С широких полей шляпы её сыпались капли на колени, на платье, и Есенин прикрыл её парусиновым пологом, а когда вдруг зажигалась молния, он видел её побледневшее лицо, насмешливо сверкающие глаза и белые в улыбке зубы.
Когда выбрались наконец на берег и лошади разом взяли тарантас и вымахнули на взгорье, Есенин сказал:
— Лидия Ивановна, я прошу отправить Ивана Трофимовича назад в село. Я хорошо знаю характер моей матери, она наверняка сейчас беспокоится, думает, что с нами что-нибудь стряслось... Недоброе...
— Я согласна, — сказала Кашина. — Возвращайтесь, Иван... Скажите, что переправа прошла благополучно.

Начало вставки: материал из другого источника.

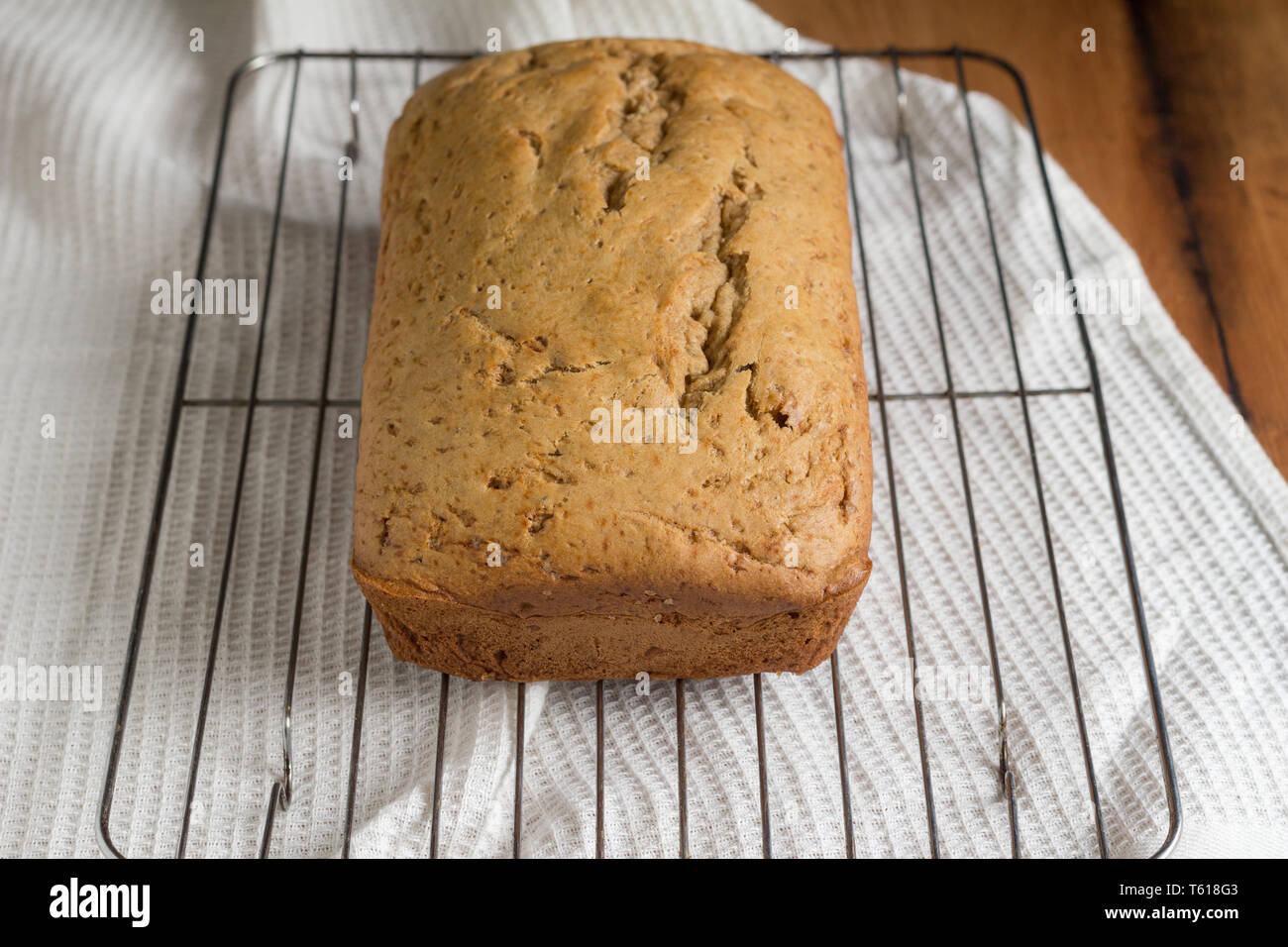 Banana Bread Loaf auf Kuchen Grid - Ganze Bananenkuchen mit selektiven Fokus Stockfoto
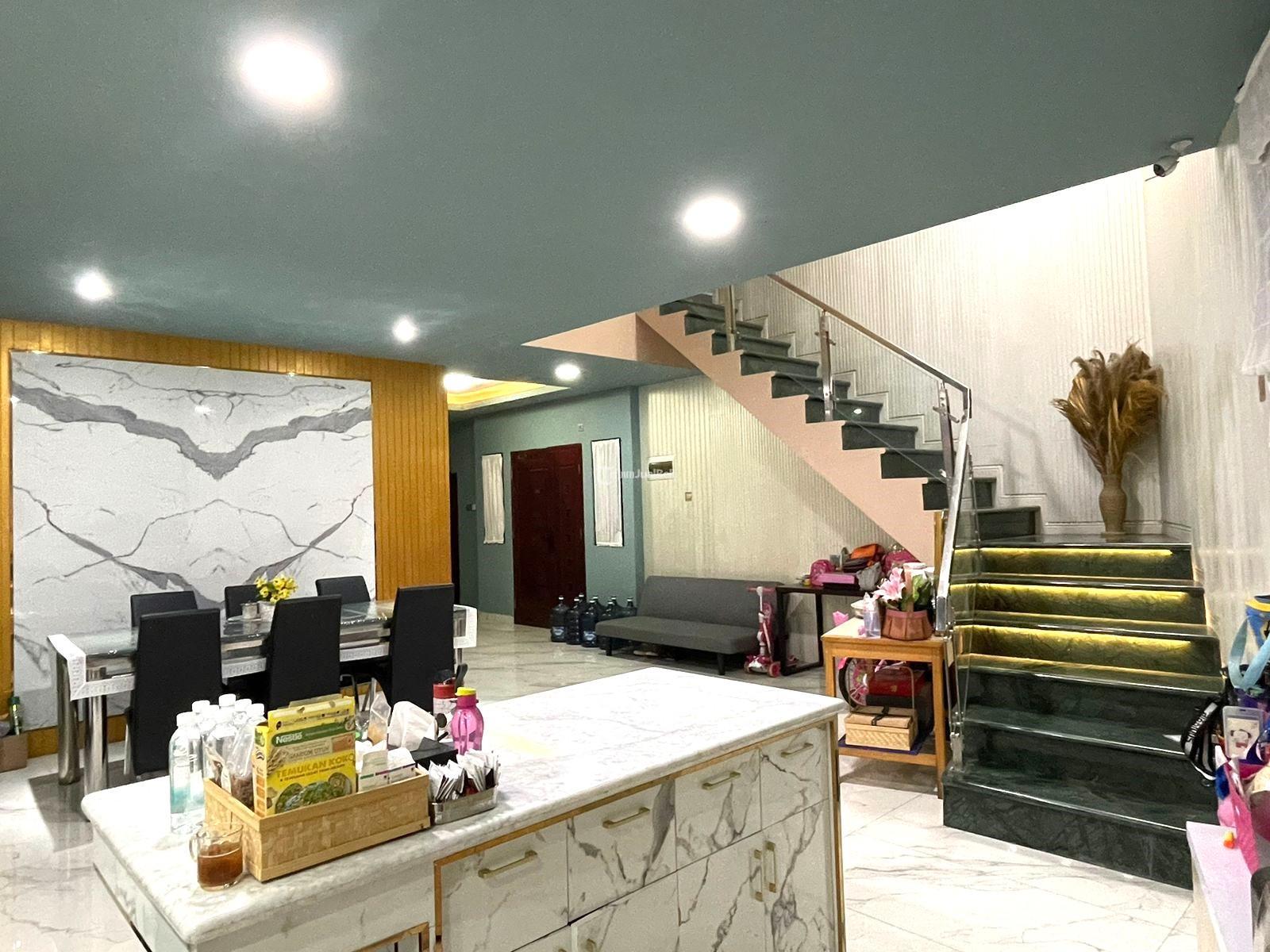 Rumah Hoek Mewah 6KT 5KM Garasi 2 Mobil Listrik 11000 watt Siap Huni LT167 LB500 3 Lantai Bekasi Kota Jawa Barat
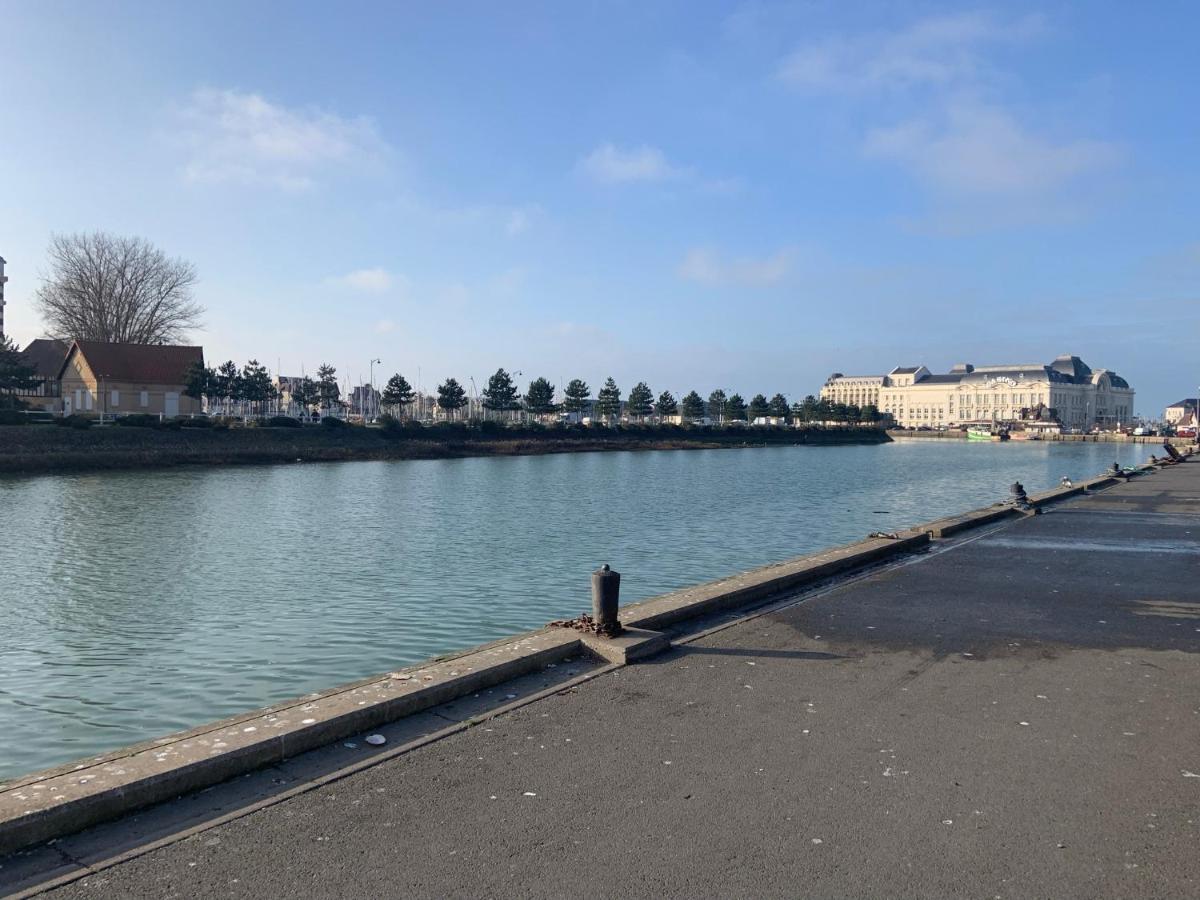 Hauteurs De Trouville - Studio Avec Terrasse Au Calme Екстер'єр фото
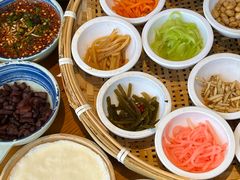 -包整·丝娃娃(一览甲秀楼风景店)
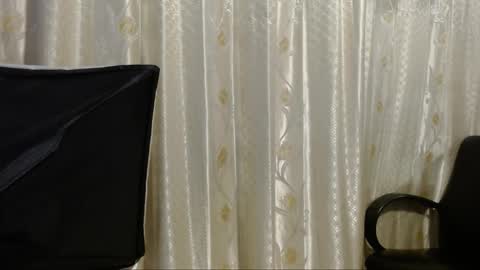 Tammy Modelo independiente YEAH online show from 10/02/25, 02:18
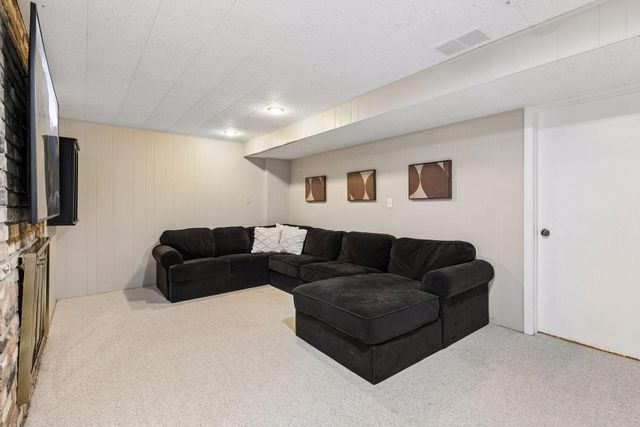 2100 W 107th Street, Bloomington, MN 55431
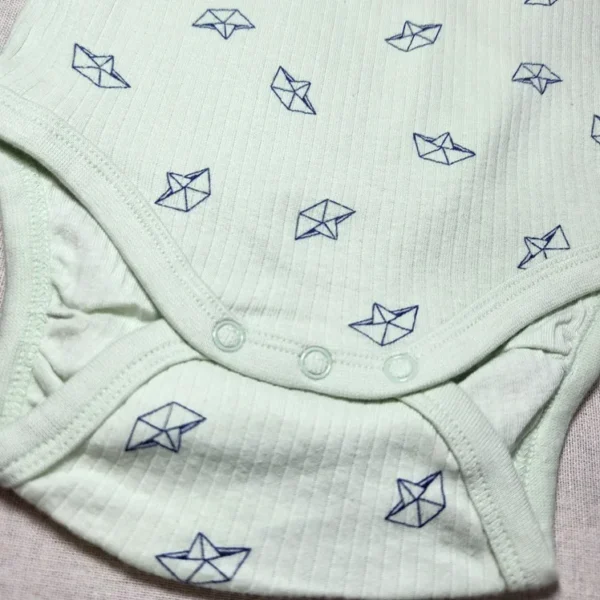 قیمت بادی آستین کوتاه کبریتی طرح قایق کاغذی برند ergee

Сердитый, мокрый, Иван проворчал было:
— Как поедете одни? Собьётесь с дороги. В болоте завязнете...
— Я тут каждую тропинку знаю, — заверил Есенин. — А то так в лесу остановимся и переждём до утра — нам торопиться некуда...
Когда Есенин на другой день к вечеру вернулся домой, он вроде бы не узнал мать, она как будто опала вся, как будто постарела, странная осенняя желтизна прильнула к её щекам — так изменила её прошедшая грозовая ночь.
Она не обмолвилась ни словом, пропуская его мимо — в амбар. Лишь в глазах её стоял плач без слёз.
Есенин сел к столу и положил перед собой руки. Он был бледен, чувствовал сильное утомление. Ему было жаль мать, жаль, как никогда, — он ощущал её сердечную боль... Как часто случалось, сама собой сложилась фраза: «Эх ты, ночь! Что ты, ночь, наковеркала?..» — и улыбнулся иронически — любил обжигающие новизной слова, образы...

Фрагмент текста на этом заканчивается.